Thursday, January 2, 2014

Mr. Will, you have to find democracy to test your thesis

The price of political ignorance: More government
In “Democracy and Political Ignorance: Why Smaller Government is Smarter” (Stanford University Press), Ilya Somin of George Mason University law school argues that an individual’s ignorance of public affairs is rational because the likelihood of his or her vote being decisive in an election is vanishingly small. The small incentives to become informed include reducing one’s susceptibility to deceptions, misinformation and propaganda. And if remaining ignorant is rational individual behavior, it has likely destructive collective outcomes.

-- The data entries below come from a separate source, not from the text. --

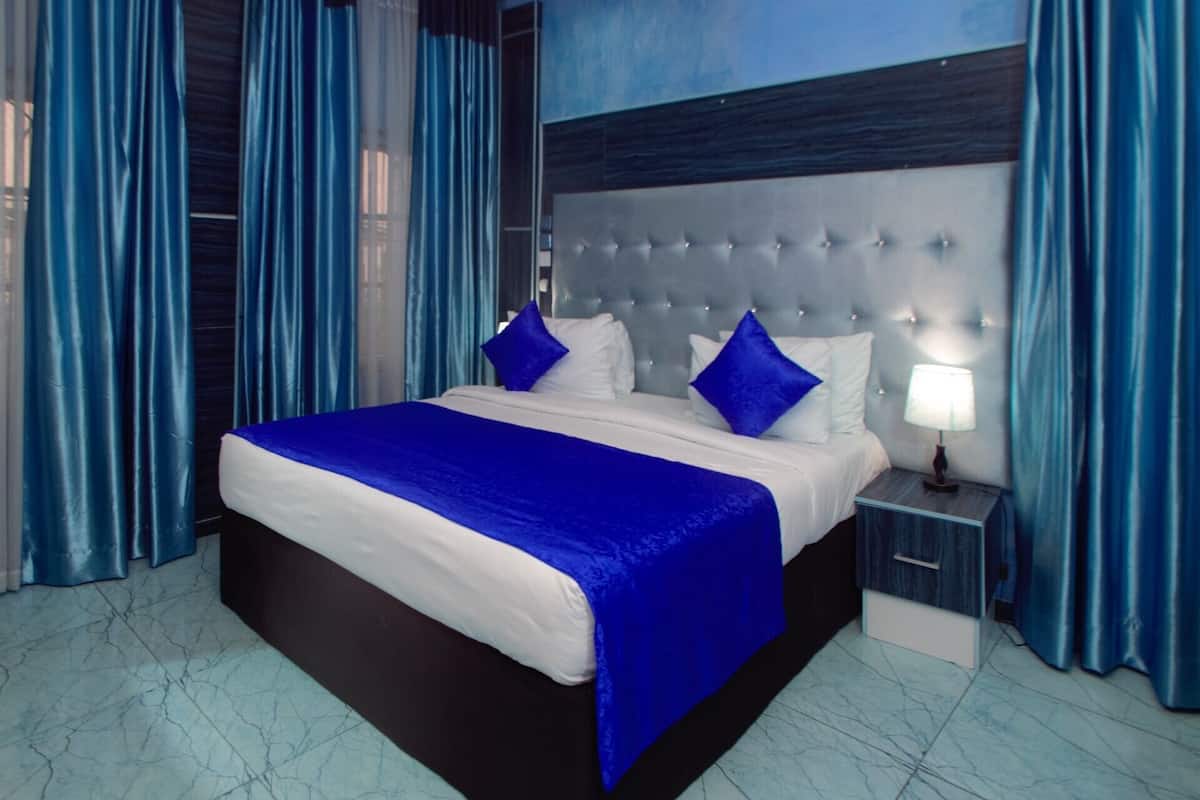 A modern hotel room with a large bed, a nightstand, and a headboard with a tufted design.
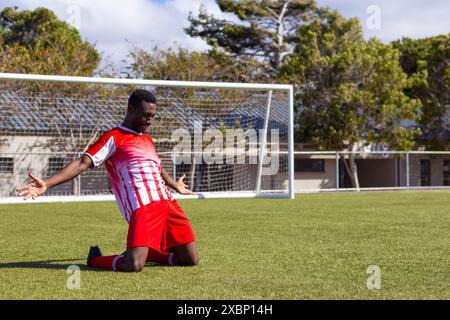 Giocatore di calcio afroamericano che festeggia sul campo di calcio, sembra forte e in forma, copia spazio Foto Stock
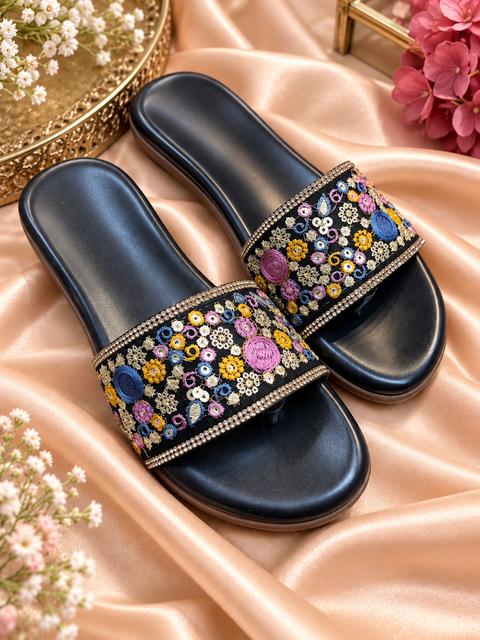 Black flats with colourful thread embroidery and delicate embellishment detail. Soft, stylish and perfect for casual, festive and everyday wear.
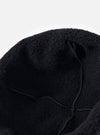 Close-up of the cableami® Black Recycled Wool Flight Watch Cap on a white background. Shows the texture and construction of the cap.
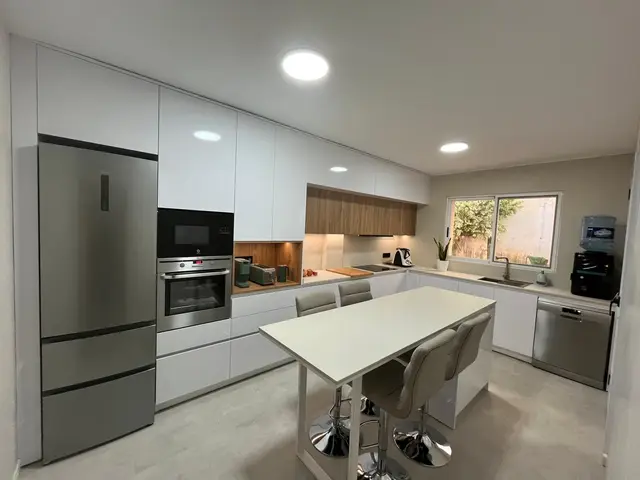 Cocina blanca con isla y electrodomésticos integrados, trabajo de Dos Ambients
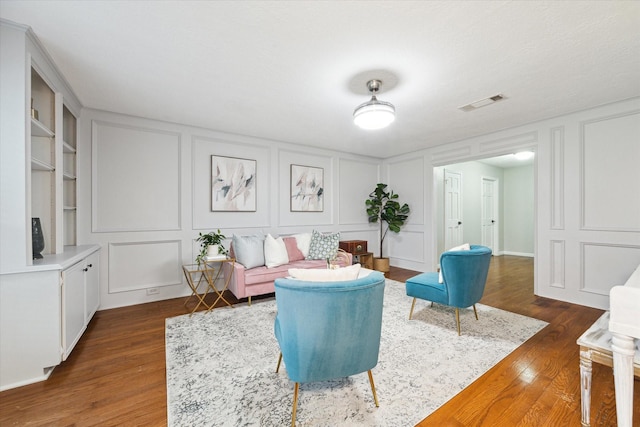 living room featuring built in features and dark hardwood / wood-style flooring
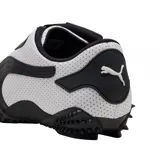 Championes Puma modelo Mostro Perforated, de diseño bajo con exterior de cuero perforado en color blanco y detalles en negro. Presenta una suela distintiva con relieve de tachones y cierre de velcro en el empeine.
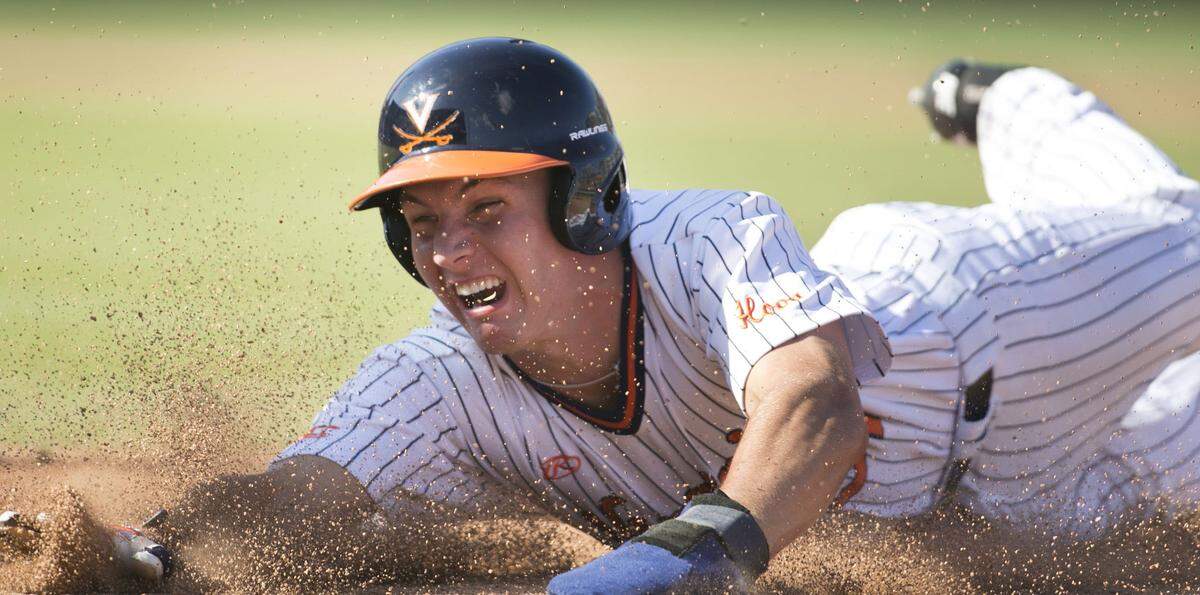Virginia's Jake McCarthy (31) dives safely back to first base after being caught in a pickle by N.C. State pitcher Reid Johnson in the third inning during the ACC Championship on Thursday, May 24, 2018 at Durham Bulls Athletic Park in Durham, N.C.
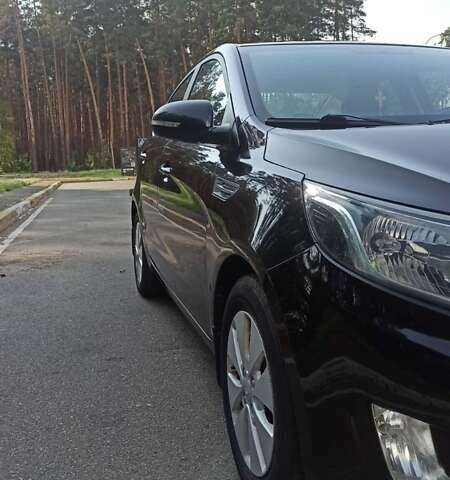 Черный Киа Рио, объемом двигателя 1.59 л и пробегом 150 тыс. км за 8300 $, фото 4 на Automoto.ua
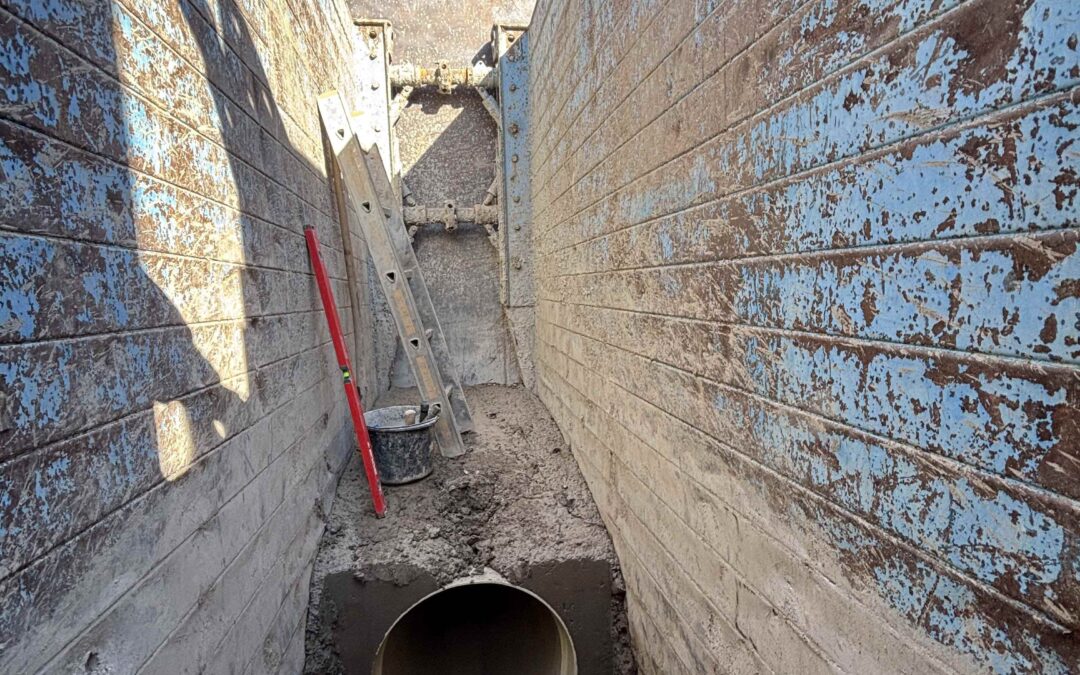Narrow construction trench between weathered concrete walls with a large cylindrical pipe resting in muddy ground; a ladder and tools are nearby, blue sky above.
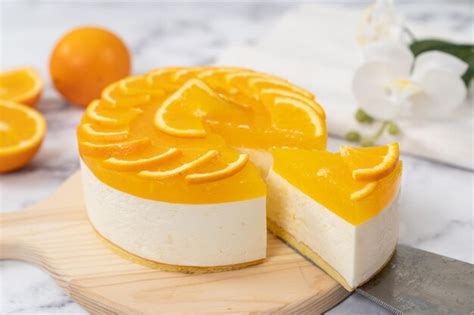 Premium Photo No Baked Orange Cheese Cake With Fresh Oranges Decoration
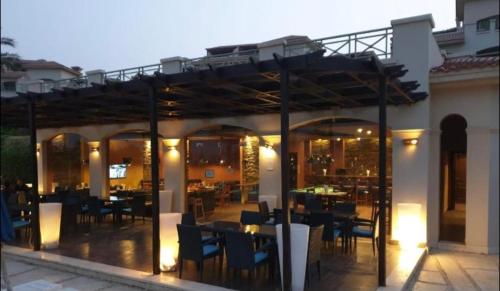 a restaurant with tables and chairs on a patio at La vista 5 ain sokhna Luxury sea view عين سخنة لا فيستا in Ain Sokhna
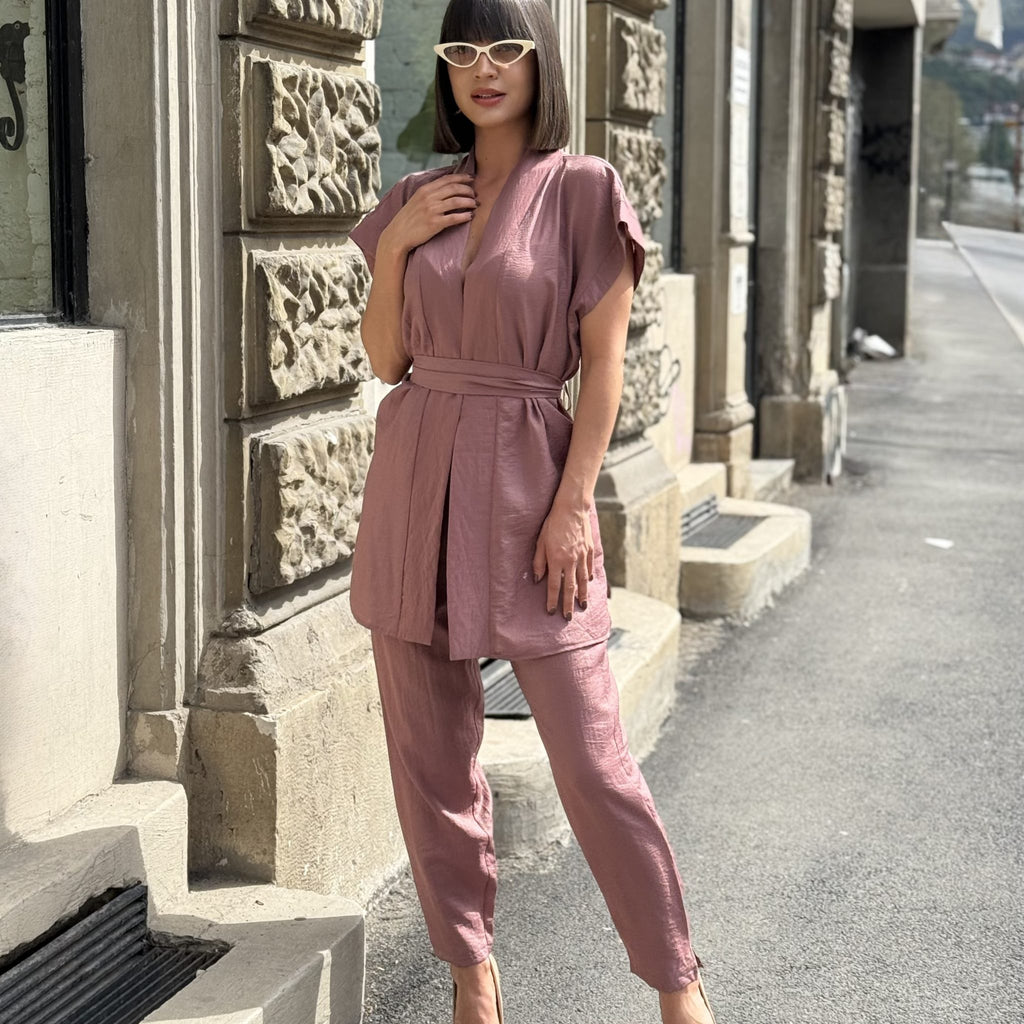woman in pink outfit standing on street woman in pink outfit standing on street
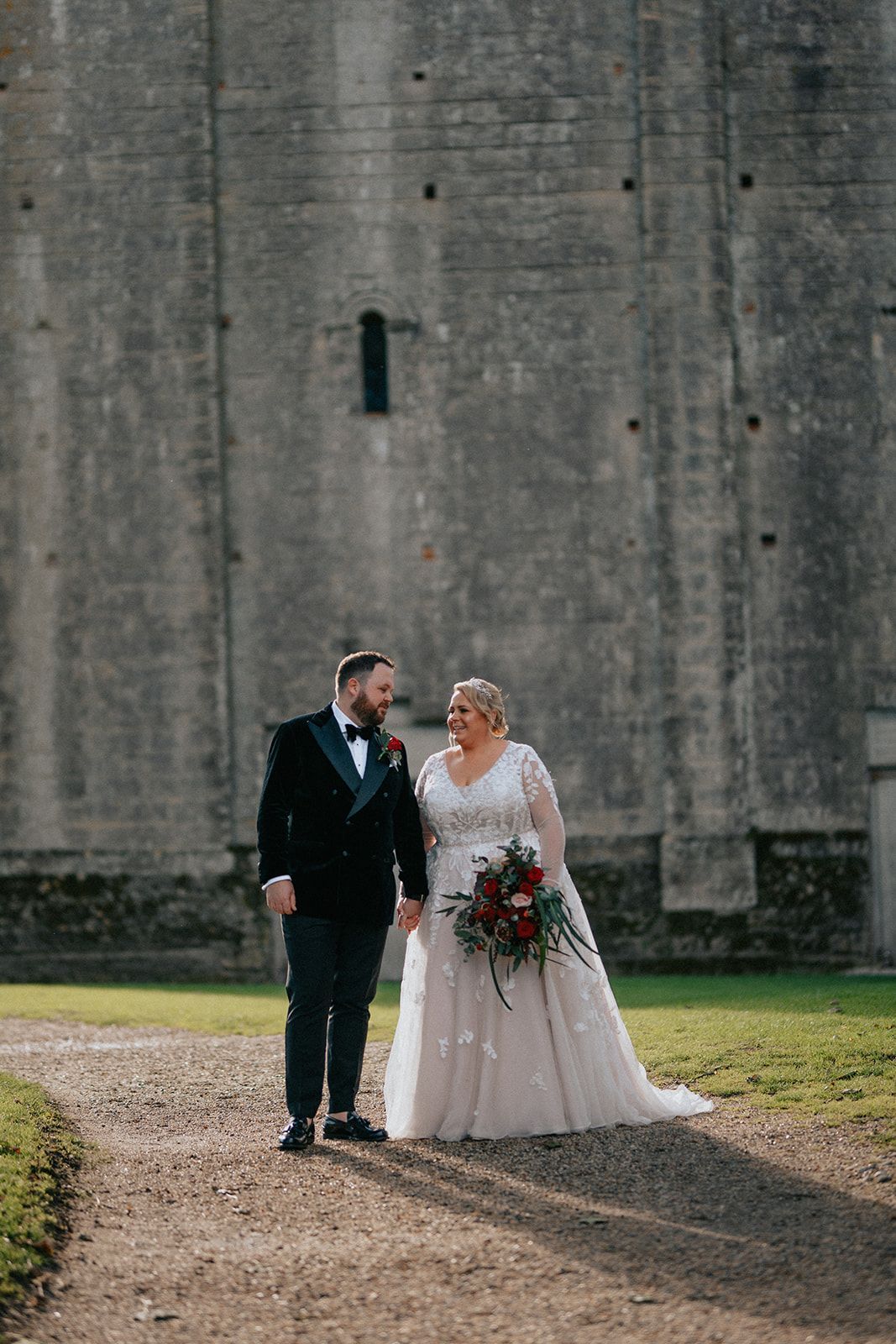 A bride and groom are walking down a dirt path holding hands in front of a building.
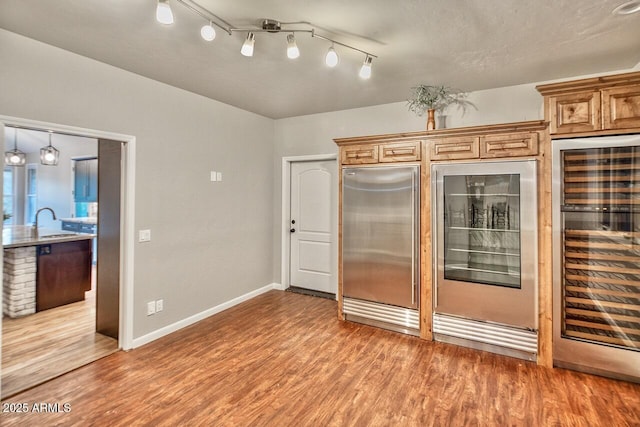 kitchen featuring hardwood / wood-style floors, built in fridge, sink, and wine cooler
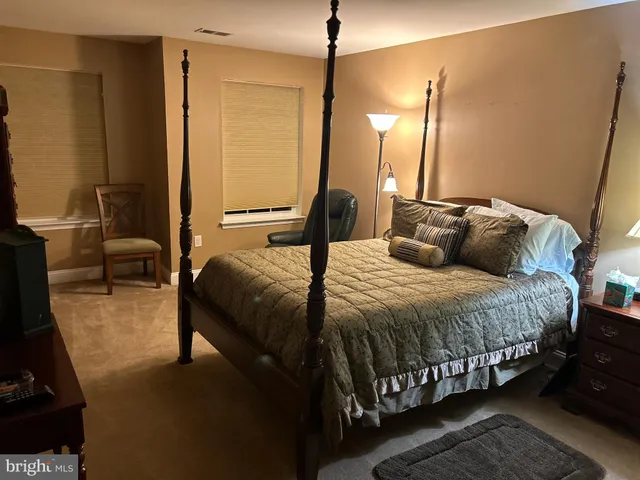 a bedroom with a bed closet and a mirror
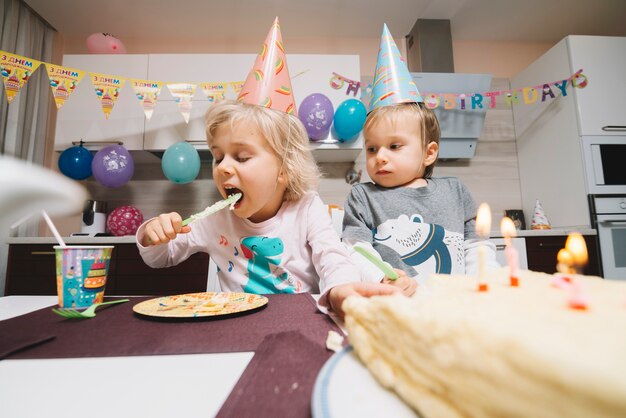 I bambini mangiano la torta sulla festa di compleanno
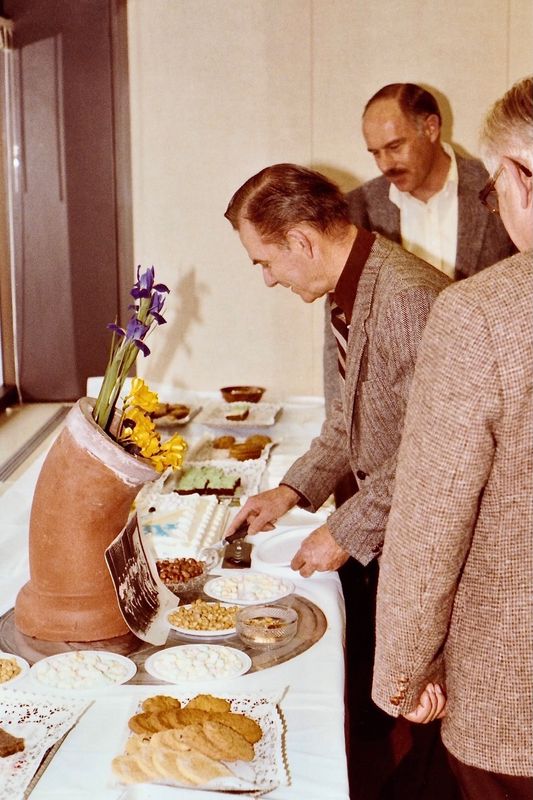 140) Ray's Retirement party. Is that a sewer pipe holding the flowers?
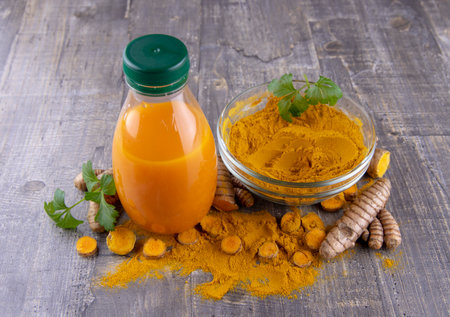 Turmeric powder in a clear bowl, fresh turmeric root and vitamin cocktail in a bottle on a gray background.の写真素材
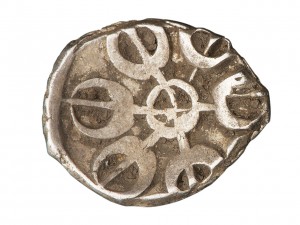 irregularly shaped stamped coin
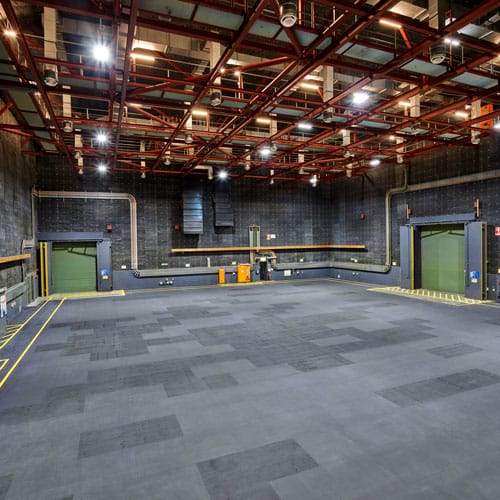Wide shot of a large empty studio space featuring dark gray carpet, gray cinderblock walls, and a red iron framework ceiling.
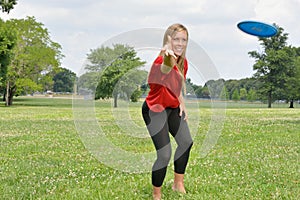 young woman jumping throwing flying disc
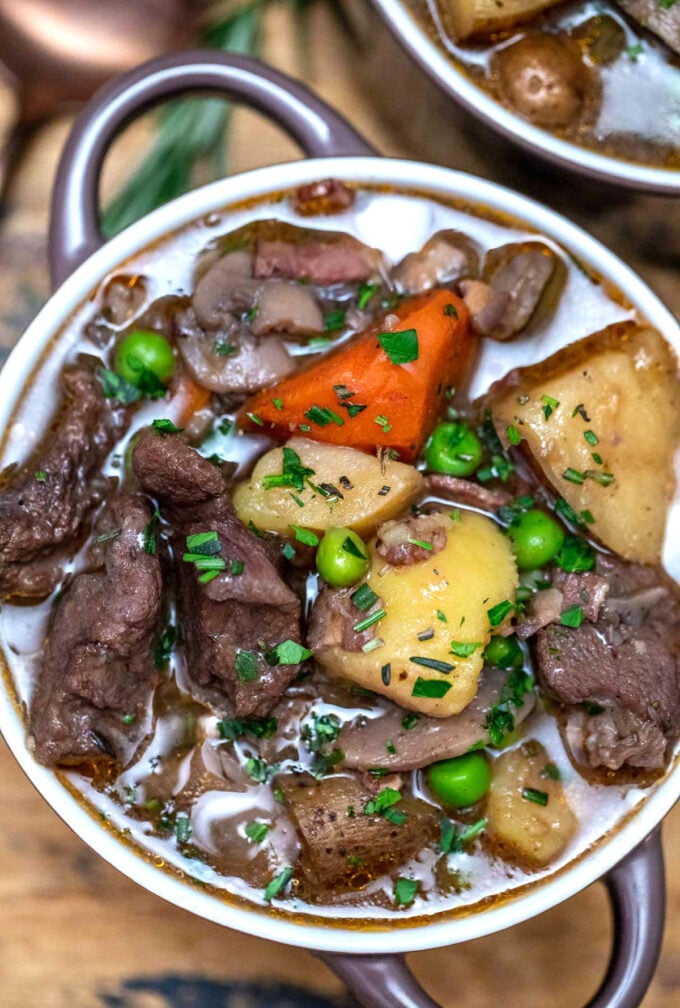 bowl of lamb stew with potatoes, sweet peas, and carrots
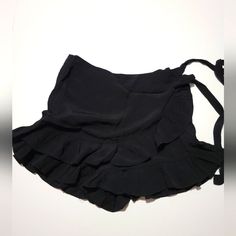 Questions? Leave A Comment Below. Casual Party Shorts With Ruffles, Ruffled Mini Skort For Night Out, Trendy Ruffled Shorts For Party, Black Flirty Skirt With Ruffle Hem, Trendy Black Mini Skirt With Ruffles, Trendy Black Ruffled Skort, Trendy Ruffled Party Shorts, Black Ruffled Skirt For Date Night, Black Short Mini Skirt For Summer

It is not smaller government, it is government matched to fair political districts. Ignorance is imperfect communications. In California I know we have imperfect communications because our public schools teach fantasies about DC. They even teach that Californians have a fair vote in DC! The fact is, in California we have absolutely no contact with DC, until some bozo pops up with a train deal or a education deal; generally some grand scheme in which Californians had no part of, it just shows up!

Here is a gem from Somin at George Mason:
And with “confirmation bias,” many people use political information to reinforce their preexisting views.

And another:
Despite dramatic expansions of education and information sources, abundant evidence shows the scope of political ignorance is remarkably persistent over time.
Well, I might suggest that George Mason conduct a study of democracies in which fair voting is quite distorted. Berkeley isn't going to do it, Mason U is the home of public choice, no? Suggest that the folks at Mason look at value added government in a mal proportioned government system like the USA. You folks could very well win some bananas. What we really want to know is how to compute the optimum sizing of political districts in a value added chain such that communications is maximized. Experts on public choice should be able to solve that.

En el estado de California, que son ignorantes acerca de Washington DC debido a que no realice una buena votación del Senado.